Recruter est difficile, pénurie de talents, candidats exigeants, période d’essai rompue, etc

En tant que dirigeant, êtes-vous conscient que vos décisions notamment de recrutement peuvent être influencées par des biais cognitifs ? Ces raccourcis mentaux, souvent inconscients, peuvent vous faire passer à côté d’excellents candidats ou vous faire recruter le pire et surtout vous coûtent cher.

En effet, après avoir validé les compétences opérationnelles, la décision de recruter tel ou tel candidat est trop souvent prise à l’intuition.

Si vous avez déjà parlé d’un candidat en ces termes « je l’ai bien senti ; le feeling est passé ; il m’a plu ; on a fait la même école, c’est un bon, j’ai adoré son éloquence, etc… », il y de fortes probabilités qu’un ou plusieurs biais cognitifs aient influencé votre décision.

Lorsque les enquêtes démontrent que 77 % des DRH, 64 % des managers et 63 % des recruteurs font confiance à leur intuition, l’impact des biais cognitifs ne peut pas être ignoré.[1]

[1] Baromètre « La place de l’intuition dans le recrutement » – WeSuggest-PerformanSE – 2023

1. Qu’est-ce vraiment un biais cognitif ?

Le biais cognitif est « un raccourci de pensée mentale, spontané et inconscient, qui peut nous induire en erreur dans nos prises de décision.
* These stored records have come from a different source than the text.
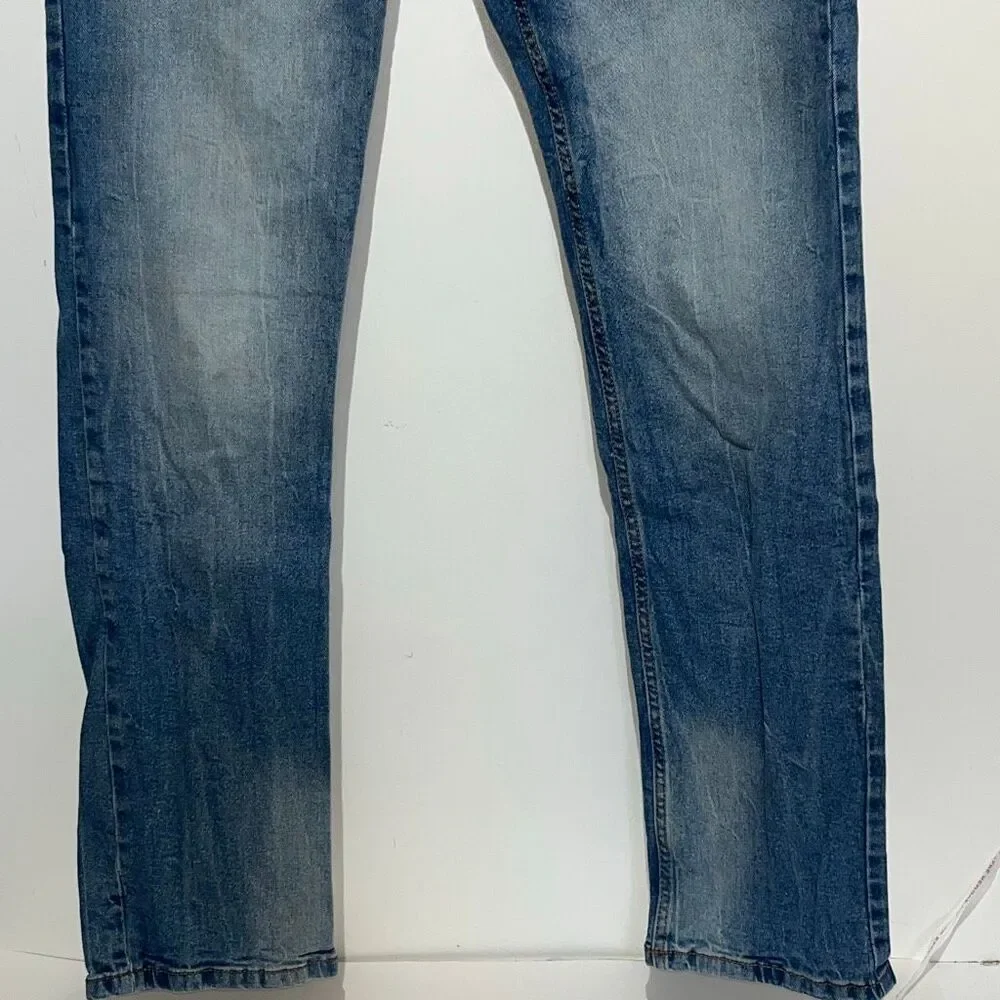 Six Lincoln Mens Blue Denim Stretch Slim Fit Skinny Jeans Medium Wash Size 30/32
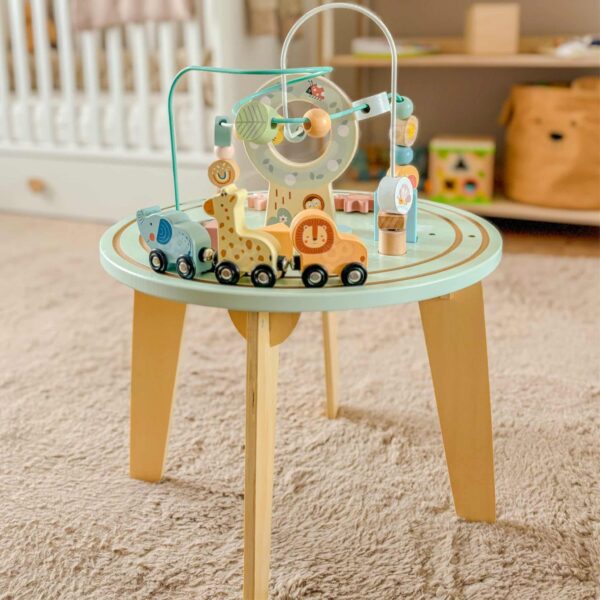 TOOKY TOY Drewniany Stół Aktywności Montessori Pętla Motoryczna - 002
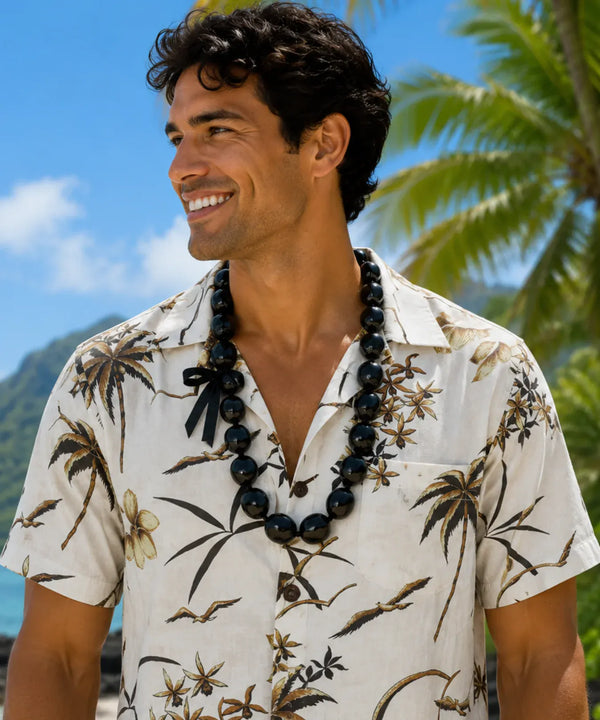 Black Polished Kukui Nut Candlenut Hawaii Lei Black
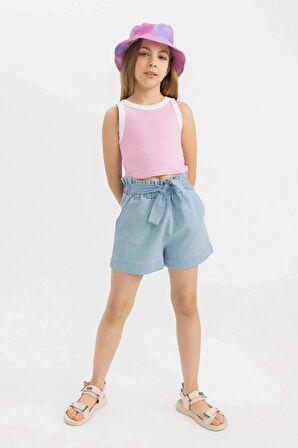 DeFacto Kız Çocuk Paperbag Jean Şort C9302A824SMNM39
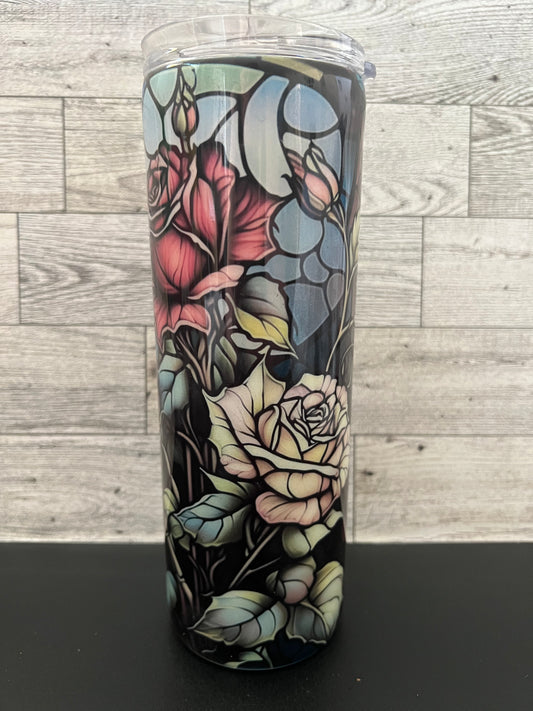 Floral Stained Glass Sublimation Tumbler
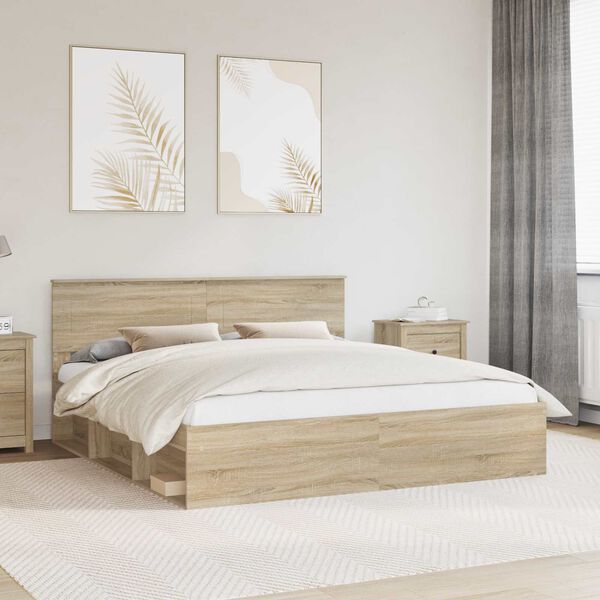 vidaXL Bed Frame with Headboard Sonoma 180 x 200 cm Engineered wood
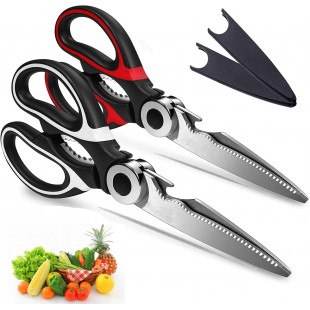 Winco KCHZ09010 9.06 Inch Kitchen Scissors with Red Handles 2 Pack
Chaque jour, nous prenons environ 35 000 décisions en mode réflexe et de façon inconsciente. Pour la plupart des décisions, ce mode fonctionne. Mais pour des décisions stratégiques, il faut mettre en place le système analytique. »[1]

Les chercheurs ont identifié 188 biais cognitifs. 20 d’entre eux sont particulièrement récurrents dans le recrutement.
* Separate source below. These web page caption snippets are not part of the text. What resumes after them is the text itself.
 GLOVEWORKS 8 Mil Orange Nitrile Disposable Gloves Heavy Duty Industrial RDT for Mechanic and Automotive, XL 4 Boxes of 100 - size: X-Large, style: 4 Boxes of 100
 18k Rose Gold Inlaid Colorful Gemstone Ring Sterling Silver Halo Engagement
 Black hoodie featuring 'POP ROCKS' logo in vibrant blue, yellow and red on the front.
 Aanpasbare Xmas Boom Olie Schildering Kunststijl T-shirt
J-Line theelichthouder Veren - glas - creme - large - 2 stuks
[1] Définition de Marie-Sophie Zambeaux

    2. Les principaux biais cognitifs à connaître en recrutement

    3 grands groupes de biais, ceux :

    • qui impactent notre capacité à raisonner de façon rationnelle,
    • liés à notre appartenance qui influencent notre comportement et nos décisions subjectivement.
    • liés à la mémoire qui perturbent notre capacité à nous souvenir des événements, à omettre certains détails, à exagérer d’autres, voire à créer de faux souvenirs.
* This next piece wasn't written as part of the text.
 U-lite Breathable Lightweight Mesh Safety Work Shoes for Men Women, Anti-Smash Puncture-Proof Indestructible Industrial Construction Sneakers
    2.1 Les biais de raisonnement :

    • Le biais de confirmation :  rechercher ou privilégier les informations confirmant nos idées préconçues (croyances) ou nos hypothèses, que ces dernières soient vraies ou non. 

     En recrutement : ignorer des signaux d’alerte ou  rejeter un candidat qui possède les compétences et le potentiel nécessaire.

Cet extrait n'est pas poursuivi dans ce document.